Une candidature remise en cause
Pour
la première fois aussi, la candidature du président sortant qui brigue
un quatrième mandat a été contestée ouvertement et avec violence, comme
si c'était la candidature de trop. A Bejaïa en Kabylie, un meeting a été
annulé à cause de violentes manifestations, à Metili près de Ghardaïa
où la situation est très tendue depuis des mois, les partisans du chef de l'Etat ont été accueillis à coups de pierre.

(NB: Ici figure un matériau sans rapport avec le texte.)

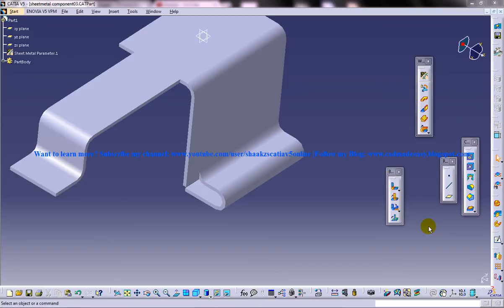Hi friends, this is Mohammed Shakeel here and in this tutorial I am going to show you how you can apply hem in CATIA V5.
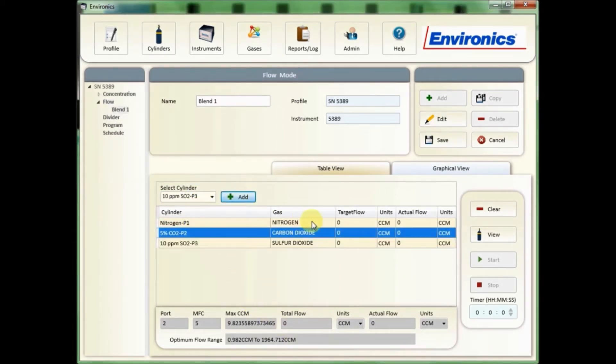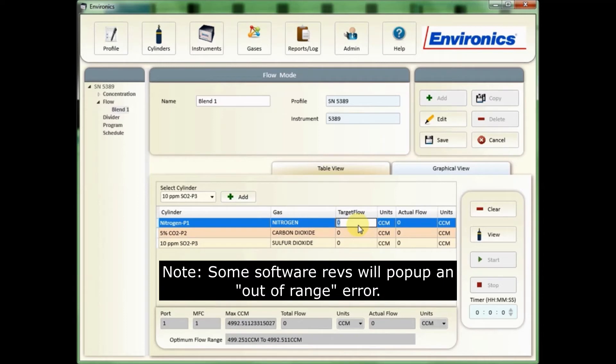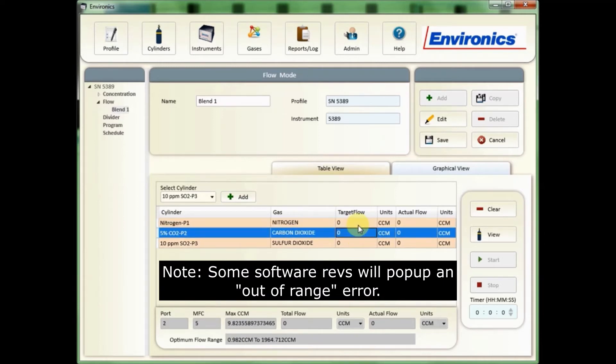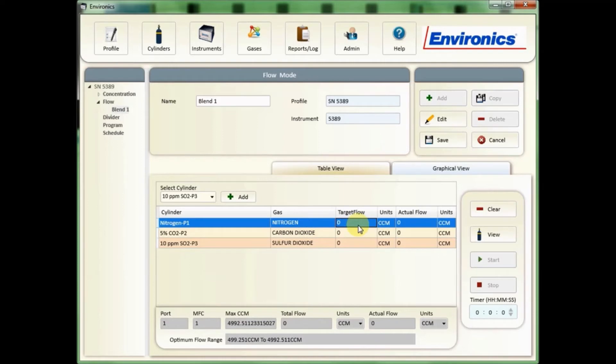Once all the gas cylinders are added to your flow mode, you'll need to add the target flows. In this case my nitrogen flow controller is a five liter, so if I try and put anything above that such as six liters, it's going to not let me do that - it's going to default back to zero. So let's put this at 5,000 cc's.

→ A (RE)LIRE : Algérie: nouvelle flambée de violence à Ghardaïa
Un comportement nouveau, explique Mourad Goumiri, professeur associé de sciences politiques à l'université d'Alger : « Beaucoup
de meetings sont annulés. Beaucoup ont donné lieu à des échauffourées
voire des affrontements. C’est la première fois où les gens sont très
mal accueillis, à coups de pierre. L’Algérie est vraiment divisée, ça,
c’est quelque chose de grave à mes yeux. Elle est divisée entre les
tenants du pouvoir et la population. Il y a toujours eu des frictions ou
des espèces de révoltes de palais, mais ça se passait en haut de la
société. Aujourd’hui, c’est descendu en bas et là, on voit des régions
entières se révolter, des régions entières rejeter ce système ».
Cette
violence a d'ailleurs entraîné des discours très durs de la part du
camp présidentiel. Les membres du mouvement Barakat, qui s'oppose à un
quatrième mandat, ont notamment été qualifiés de terroristes et de
fascistes par le pouvoir.
Dans le camp présidentiel, on a fait campagne sur un thème principal, la stabilité. « Bouteflika, c'est le choix de la stabilité pour le pays »,
c'est l'argument que ses partisans n'ont pas cessé de répéter. Lui-même
dans un communiqué a rappelé que c'est la paix qui a permis au pays de
se développer. Opter pour le changement, c'est ouvrir la porte au chaos,
et aux menaces qui planent sur le pays. C'est ce que sous-entendent les
partisans du chef de l'Etat.
Un discours battu en brèche par les
autres candidats, par les contestataires du quatrième mandat et aussi
par des personnalités d'ordinaire prudentes telles que l'ancien
président Liamine Zeroual. Sortant de sa réserve habituelle, ce dernier a
mis en cause la capacité physique du président à gouverner le pays. Il a
aussi vanté les mérites de l’alternance au pouvoir.
La
campagne est donc terminée depuis dimanche soir. Le scrutin a lieu et
l’on pronostique déjà une forte abstention. On sait que la participation
réelle est en général dans le pays de moins de 20 %, c'est ce que
disent les observateurs de la politique algérienne, et même certains
cadres du FLN. La quatrième candidature du président Bouteflika ne
devrait a priori pas drainer plus de foules que d'habitude.
Cela devrait être même le phénomène inverse selon Kamel Daoud, éditorialiste au Quotidien d'Oran : « Je
crois que l’abstention sera très importante et ma conviction est que la
fraude sur le taux de participation sera proportionnelle à cette
abstention. S’il y a fraude, elle sera sur le taux de participation. Et
cette abstention sera très importante pour cette fois-ci parce que les
Algériens se retrouvent grosso modo face à un faux choix, c’est-à-dire
soit choisir Bouteflika, soit on se pose la question de choisir "qui d’autre ?" Et la réaction première de beaucoup de gens, c’est de ne voter pour personne. »
Beaucoup
d'Algériens considèrent aujourd'hui que les jeux sont faits. Ce qui les
préoccupe, c'est surtout ce qui va se passer après le 17 avril.